_Task to carry out_.
Below this line are records; write out exactly the lines from the one containing "Custom Wooden Outdoor" through the one containing "Vector round symbol", with the pictures left out.

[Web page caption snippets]

------------------------------------

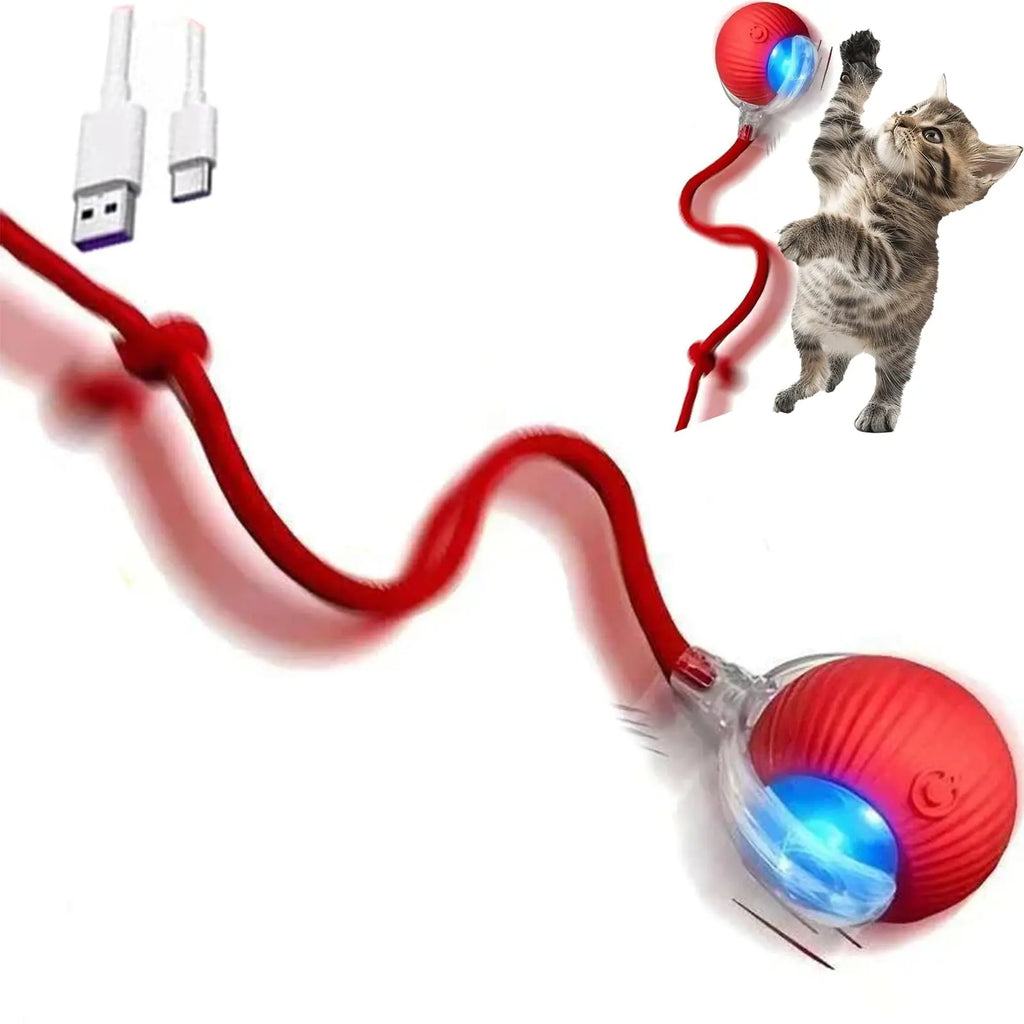 Dog Cat Interactive Ball Toy Automatic Rolling Ball Faux Tail Rechargeable Smart Pet Electric Toy Dog Cat Training Imitate Mouse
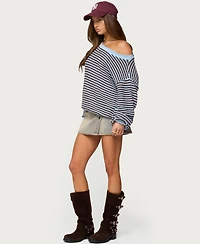 Edikted Women's Averi Striped Oversized Off Shoulder Sweater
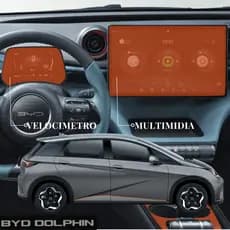Kit HD Premium Hydrogel Proteção Película BYD Dolphin Multimídia Velocímetro
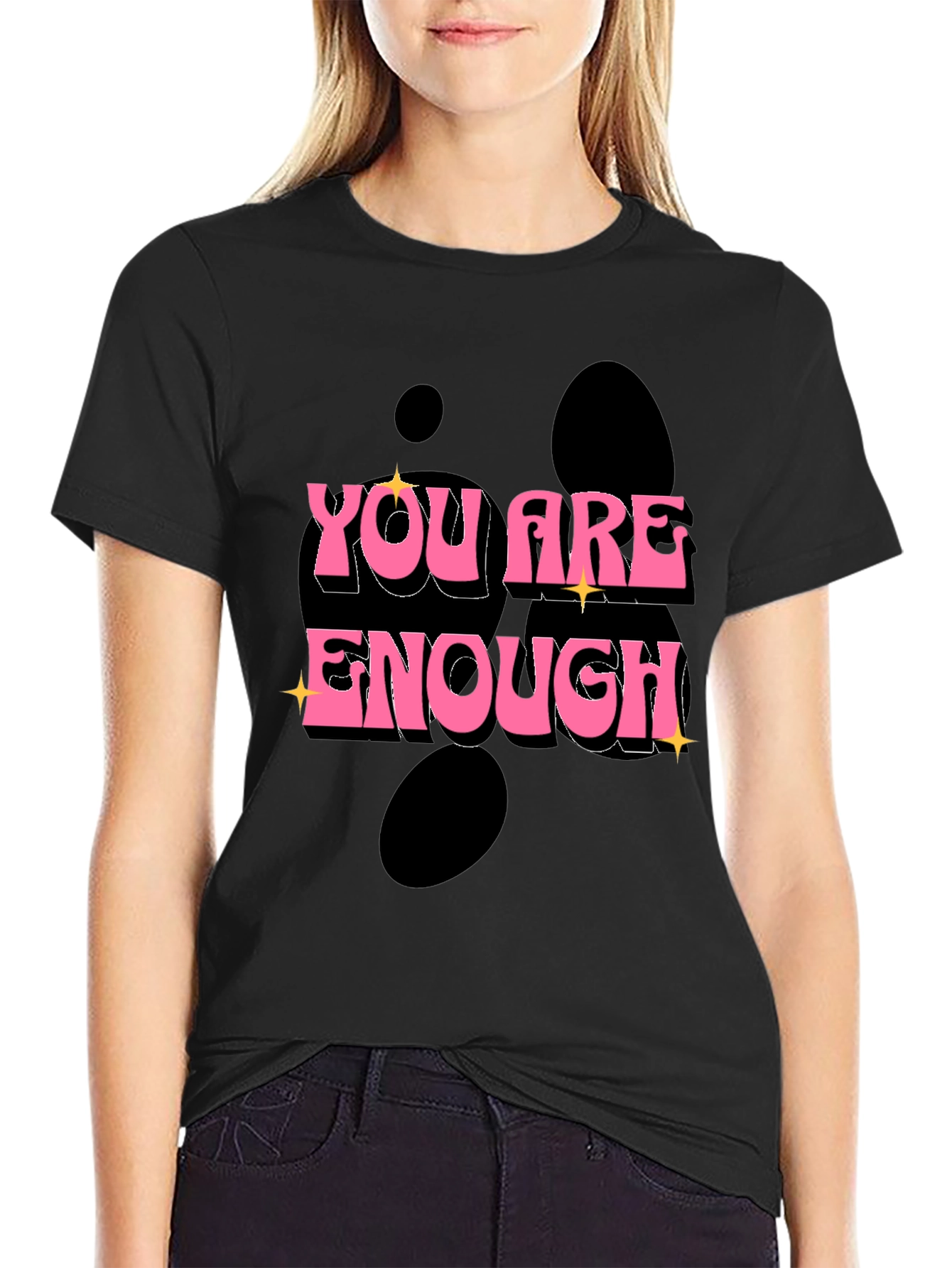 You Are Enough Graphic Tee - Black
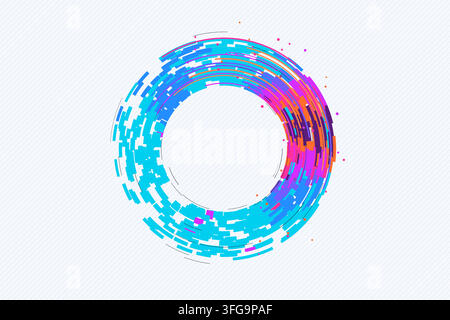 Abstract tech ring segments pattern with marketable vector styling for backgrounds, posters, and design templates. Stock Vector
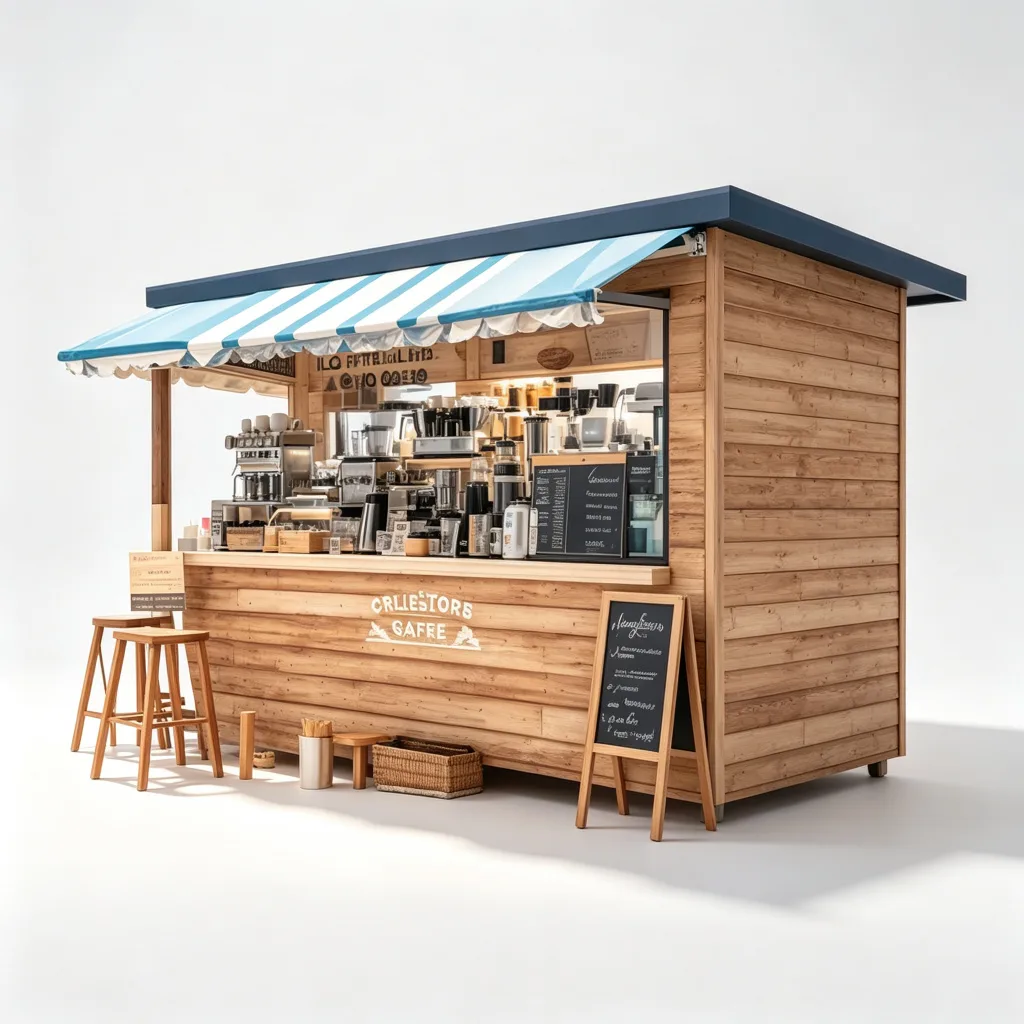 Custom Wooden Outdoor Beach Kiosk 3000x2000x2500mm with Striped Awning — view 4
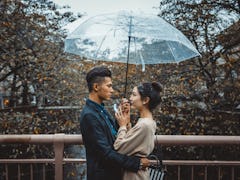 Beautiful happy couple dating in Tokyo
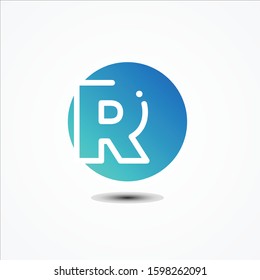 Vector round symbol letter R design minimalist. R letter for your best business symbol on the white background. Vector illustration EPS.8 EPS.10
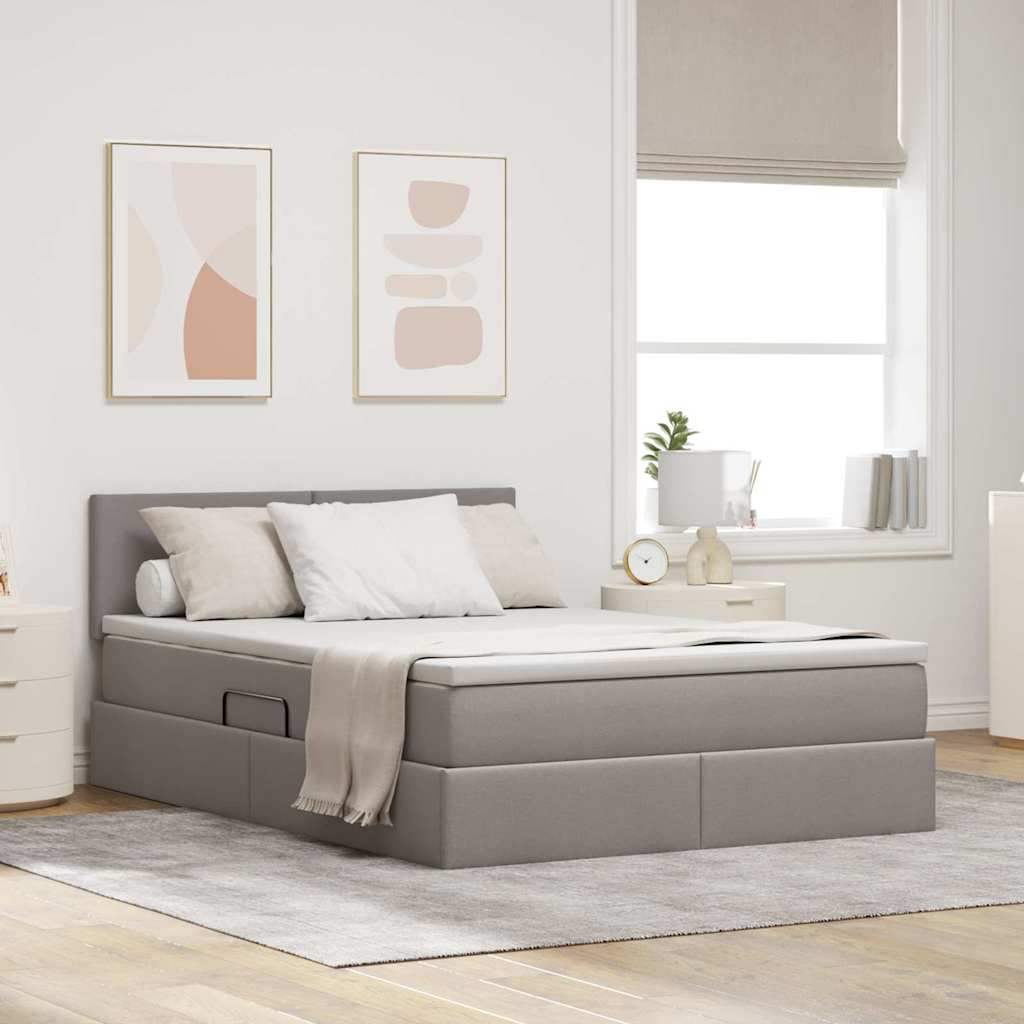 vidaXL LED Κρεβάτι αποθήκευσης με στρώμα Taupe 140 x 200 cm Ύφασμα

------------------------------------

_Exercise result_.
 Custom Wooden Outdoor Beach Kiosk 3000x2000x2500mm with Striped Awning — view 4
 Beautiful happy couple dating in Tokyo
 Vector round symbol letter R design minimalist. R letter for your best business symbol on the white background. Vector illustration EPS.8 EPS.10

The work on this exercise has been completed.